I’ve built an offgrid home in Cochise county AZ, the county has an alternative builders program whereby for an extra $500, you can opt out of all inspections and build whatever you want. I built an earthbag home- the walls are earthbag, and the roof is a series of intersecting catenary vaults made from ferrocement. I’m experimenting with aircrete but my well water seems to hard to make lasting foam.
Posts made by Annesley
RE: Aircrete home AZ- codes and zoning
RE: Rocket Mass Heaters
I would beg to differ as regards aircrete being ideal for the riser. Portland cement and soap are not refractory materials- even concrete cannot be used in high heat situations as it crumbles. I’ve built three rocket mass heaters, the first two I designed from watching YouTube but the designs didn’t work well once the stove was fired up. Third time’s a charm- I bought a book on rocket mass heaters written by a group that has built over 700 of them. The riser is fire brick to withstand the severe temps in the bell and it’s insulated with refractory rated rock wool. Normal bricks just crack apart in the heat. Most people use a steel drum for the bell but I used a 60 gallon well pressure tank, much thicker steel. Got it from a local scrap metal yard.
It works well with nearly constant feeding. The wood burns quicker than in a traditional wood stove and the firebox is small because it’s engineered to have the same dimensions as the exit pipe, which according to the book I have, says 8” pipe works better than 6”
RE: Aircrete and earth-berming
I built an earthbag home with intersecting vaults of ferrocement as a roof. I’m still experimenting with aircrete- did not want to use foam because it’s been implicated in the deaths of firemen and occupants due to the hydrogen cyanide gas that’s released when the stuff burns. I’ve been going for fireproof as opposed to flame resistant. No fire district where I live.
I’m on well water and the water is hard which seems to be causing my attempts at aircrete to fail so far...
In terms of a hobbit house that can actually heat and cook itself with the sun and earth, something resembling an earthship would be good- greenhouse for food and to heat the home without other inputs even in harsh winters. But tire wall construction is very laborious and I’ve found with earthbags I need to cover the bare bags so in effect attach stucco wire to both faces. It would be far easier to build two ferrocement walls with a gap and backfill / tamp earth into place. Or simply start with a ferrocement shell and bury it- ferrocement is famously strong. I would insert photos but that feature isn’t working with my phone. I’ve got many photos of the construction process at my non commercial, personal blog: TypeThisToSeeIt.com)

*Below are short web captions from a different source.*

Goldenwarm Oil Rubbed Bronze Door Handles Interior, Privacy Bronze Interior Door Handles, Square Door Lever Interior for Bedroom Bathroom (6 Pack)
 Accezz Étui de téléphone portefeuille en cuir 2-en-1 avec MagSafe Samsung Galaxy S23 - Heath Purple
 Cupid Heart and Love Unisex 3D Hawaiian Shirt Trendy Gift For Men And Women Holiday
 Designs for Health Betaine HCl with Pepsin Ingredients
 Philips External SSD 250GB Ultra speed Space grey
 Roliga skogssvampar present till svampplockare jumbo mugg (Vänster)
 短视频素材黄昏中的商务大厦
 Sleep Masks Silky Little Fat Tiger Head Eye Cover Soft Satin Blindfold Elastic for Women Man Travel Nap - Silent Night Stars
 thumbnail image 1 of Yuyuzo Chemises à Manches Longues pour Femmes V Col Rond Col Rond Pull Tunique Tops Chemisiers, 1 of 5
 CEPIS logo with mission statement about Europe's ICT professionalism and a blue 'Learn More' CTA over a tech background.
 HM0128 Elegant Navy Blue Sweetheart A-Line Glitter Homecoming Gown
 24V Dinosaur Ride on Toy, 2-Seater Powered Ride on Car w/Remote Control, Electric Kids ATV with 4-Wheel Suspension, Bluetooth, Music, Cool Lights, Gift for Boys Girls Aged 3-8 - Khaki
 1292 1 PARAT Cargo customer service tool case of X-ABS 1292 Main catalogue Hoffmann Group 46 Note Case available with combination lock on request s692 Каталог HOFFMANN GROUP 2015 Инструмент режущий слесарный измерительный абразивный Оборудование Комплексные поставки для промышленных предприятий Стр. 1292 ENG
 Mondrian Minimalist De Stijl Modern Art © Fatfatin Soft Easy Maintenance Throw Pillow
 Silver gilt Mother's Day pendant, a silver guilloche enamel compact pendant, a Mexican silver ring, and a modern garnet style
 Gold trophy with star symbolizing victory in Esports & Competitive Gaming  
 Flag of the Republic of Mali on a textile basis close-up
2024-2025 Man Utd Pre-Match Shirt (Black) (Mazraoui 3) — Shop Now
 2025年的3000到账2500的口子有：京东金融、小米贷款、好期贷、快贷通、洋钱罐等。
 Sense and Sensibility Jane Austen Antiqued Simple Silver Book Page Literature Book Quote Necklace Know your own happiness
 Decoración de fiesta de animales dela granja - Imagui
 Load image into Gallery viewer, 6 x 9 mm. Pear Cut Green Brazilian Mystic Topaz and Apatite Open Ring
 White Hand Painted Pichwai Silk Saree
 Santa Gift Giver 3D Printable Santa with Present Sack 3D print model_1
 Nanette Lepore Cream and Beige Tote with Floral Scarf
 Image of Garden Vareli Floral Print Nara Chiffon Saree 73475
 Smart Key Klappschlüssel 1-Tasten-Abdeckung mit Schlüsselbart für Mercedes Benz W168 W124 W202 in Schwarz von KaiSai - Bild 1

RE: aircrete vs. ferrocement
I built my home with earthbag walls and intersecting ferrocement catenary vaults for the roof. I was hoping that I would have enough thermal mass for the structure to perform like an earthship. The mass warms from an attached greenhouse as the only heat source even with winters that can reach 30 below F. Mine doesn’t but earthship regularly do-
I’m hoping to cover the 1,200 sq foot multiple-domed roof with aircrete. I didn’t want to use foam because it can burn and has been implicated in causing heart attacks among first responders and occupants, due to the cyanide gas released when foam insulation burns.
Also, there is no fire district where I live so I’ve built with being fireproof in mind.
My question regards how well I can make aircrete blocks adhere to the surface of the ferrocement, which is coated with elastomeric paint, and whether aircrete is really waterproof. I read on the site that it and ferrocement are waterproof, which of course is incorrect- Portland cement is hygroscopic unless a waterproofing additive is used, which I have with the ferrocement. Otherwise, even concrete acts as a sponge to hold water and corrode any metal reinforcement as well as require deeper foundations where it freezes- because the trapped water will freeze and crack the concrete or cause spalling on roofs. Before Portland cement there was lime based mortars and old world homes built with stones and lime didn’t need to be concerned about water freezing inside the structural components because lime releases water, as opposed to absorbs. At any rate, I understand that the aircrete can support a man’s weight, I’m just wondering if an ideal solution would be a thin ferrocement coat over the aircrete- I’m hoping to have a stairway to the roof as the views are great, so having a sturdy roof seems very practical.
Lastly, I’ve heard of people using air entraining agents in cement to be able to pour at colder temperatures. Is it advisable to mix aircrete when it is below freezing? Thanks for any input.